A primeira etapa do Modelo Clássico de Elaboração do Luto é o Choque e Descrença: essa etapa dura em média várias semanas, e o indivíduo sente-seperdido e confuso e à medida que se aprofunda o sentimento de perda, o entorpecimento inicial dá lugar a sentimentos de tristeza e choro frequente. É impossível inferir esse comportamento em Fred, pois o filme revela que sua ex-mulher havia falecido há 8 meses, assim, cronologicamente ele estaria na segunda etapa. A segunda etapa do Modelo Clássico de Elaboração do Luto é a Preocupação com a memória da pessoa falecida: esse período dura em média de 6 meses a 2 anos, caracterizada por tentativa de resolver o problema da morte, o viúvo poderá reviver a morte da esposa e todo o relacionamento, e em situações ocasionais o indivíduo possui um sentimento de que o falecido está presente (através de uma foto, peça de roupa etc). Nota-se que tal fase é presente na vida de Fred, que ao ver por diversas ocasiões a fotografia de sua ex-esposa, sempre revivia sua relação com a mesma, “questionando-a”, “respondendo-a” e estabelecendo “uma conversa”. A última fase do Modelo Clássico de Elaboração do Luto é a Resolução: que ocorre quando a pessoa que sofreu a perda renova o interesse pelas atividades cotidianas, a lembrança do falecido traz sentimentos de afeto misturados com tristeza, em vez de uma dor aguda e ansiedade. Observa-se no filme evidências desse processo em Fred, que após se relacionar com Elsa, começa a se interresar pelas atividades cotidianas, como por exemplo: tomar banho (mesmo que de tarde), se arrumar de forma elegante, passear no parque, ir a restaurantes, cortar o cabelo e fazer a barba, dispensar sua cuidadora e assumir as atividades da casa, resgata a autonomia de sua própria vida (não permitindo que sua filha “ditasse as regras”), joga o excesso de remédios fora, e realiza uma viagem internacional segundo seu próprio consentimento; Fred abandona sua aversão que durou um longo período e vai ao tumulo de sua ex-esposa levando flores, pode-se notar que ele não possui mais uma agonia (agonia essa, que o impedia de visitar o tumulo de sua ex-mulher), mas sim uma tristeza que é característica dessa fase.

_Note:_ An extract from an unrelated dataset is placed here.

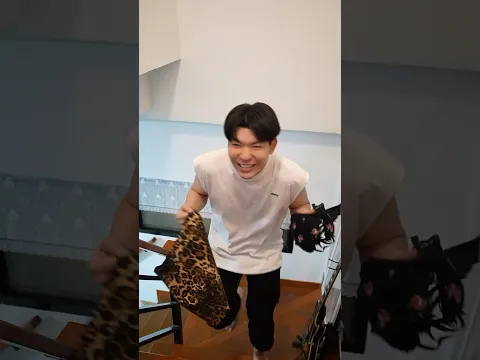 ชอบแบบนี้ก็ไม่บอก 🤭❤️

Através da Teoria do Curso de Vida (Lifespan) é possível observar as características do desenvolvimento na fase de vida adulta tardia e entender os fatores Genético-Biológico e Sócio-Cultural, de natureza normativa e não-normativa que influenciaram no desenvolvimento da subjetividade e consequentemente do comportamento e do modo de perceber o mundo por parte de Elsa e Fred.